He started to object, but Travis snapped, “Just skedaddle on down the road! We’ll be right behind ya. And stay outta mischief, hear?”
The boy sullenly marched ahead of us on the path. Travis struck another match and relit his pipe, which had momentarily gone out. The flame made the snowflakes around him seem to dance and glow.
“So, uh, that was Billy’s pipe,” I said, trying to get the conversation started, as we continued walking down the path.
“What of it? You gonna lecture me about smokin’ now?”
I rolled my eyes. “Hey, it’s your lungs and your brain, not mine. But I’ve got something more important than that. Look, I found this last night in the barn.” I stopped him and handed him the letter.
At first, his eyes seemed cloudy. As he read, his right hand began to shake and he dropped his pipe to the ground, where it continued to smolder in the snow. We stood in silence as a few wisps of smoke slowly rose around us.
“How long you had this?” he mumbled, reading the words over again.
“I found it five minutes before I went to sleep last night,” I said. “It was hidden behind a loose board by the bookshelf up in the hayloft. I couldn’t exactly give it to you at breakfast, with Lem and your folks around, so I figured now was the best time to tell you about it.”
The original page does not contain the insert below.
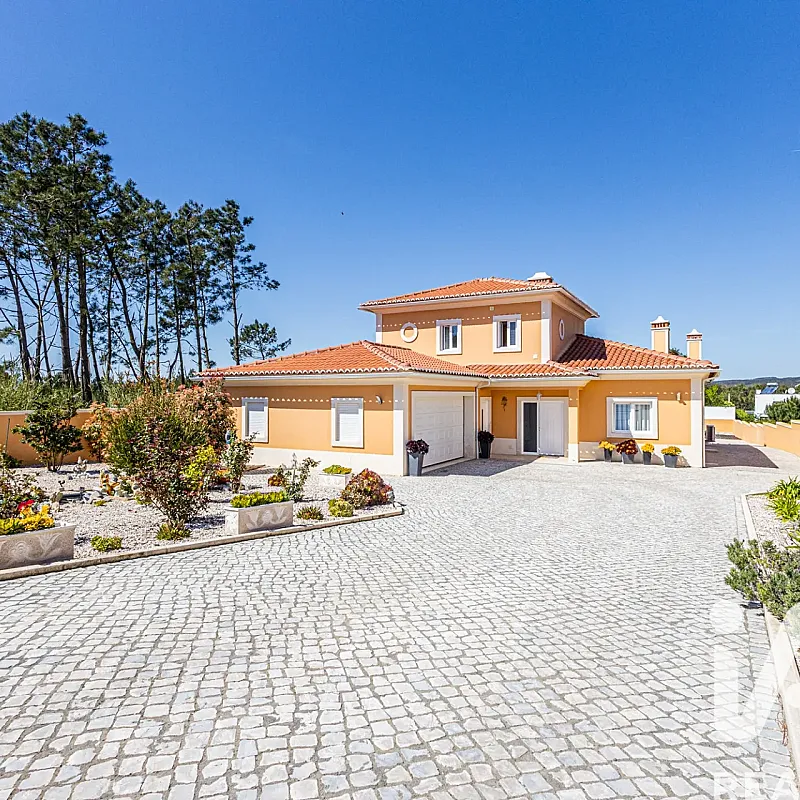 Contemporary 4-Bedroom Villa with Pool and Garden in Coastal Nadadouro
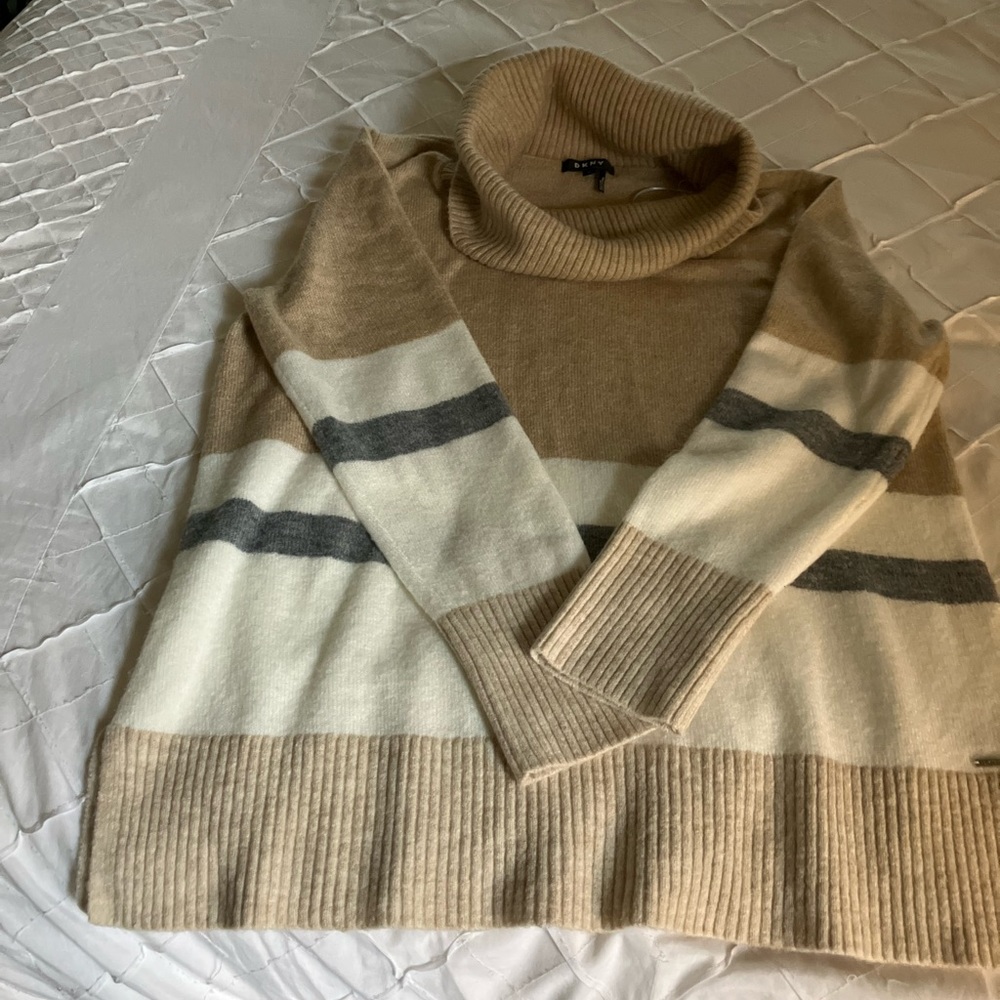 Sweater… - Picture 3 of 4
An uncomfortable silence passed.
“That’s it?” I snapped. “Not even a thank you? Well, I hope you’ll at least believe me this time. Or do you think the letter is a lie, too? Screw this shit!” I stormed down the road after Lem, who had almost disappeared over the hill that marked the halfway point to school.
“Hey, hold on!” Travis called, then jogged up to meet me and touched my back.
“Well?” I asked as I whirled around and narrowed my eyes.
“Well... I guess I’m sorry. If that’s what you want me to say.”
His expression seemed truly apologetic, but I wasn’t about to let him off easy.
“Do you get the point, Travis?” I said. “If I’d been lying to you all this time, I’d either have torn this letter up and thrown it away or just never given it to you. You do trust me that it’s real, right?”
“What letter?” piped up Lem from twenty feet away, as he tossed a rock that narrowly missed a crow in a nearby tree.
Travis ignored him, then nodded to me, his expression grave. “I’d know Billy’s handwritin’ anywhere,” he said in a low voice, still staring at the paper.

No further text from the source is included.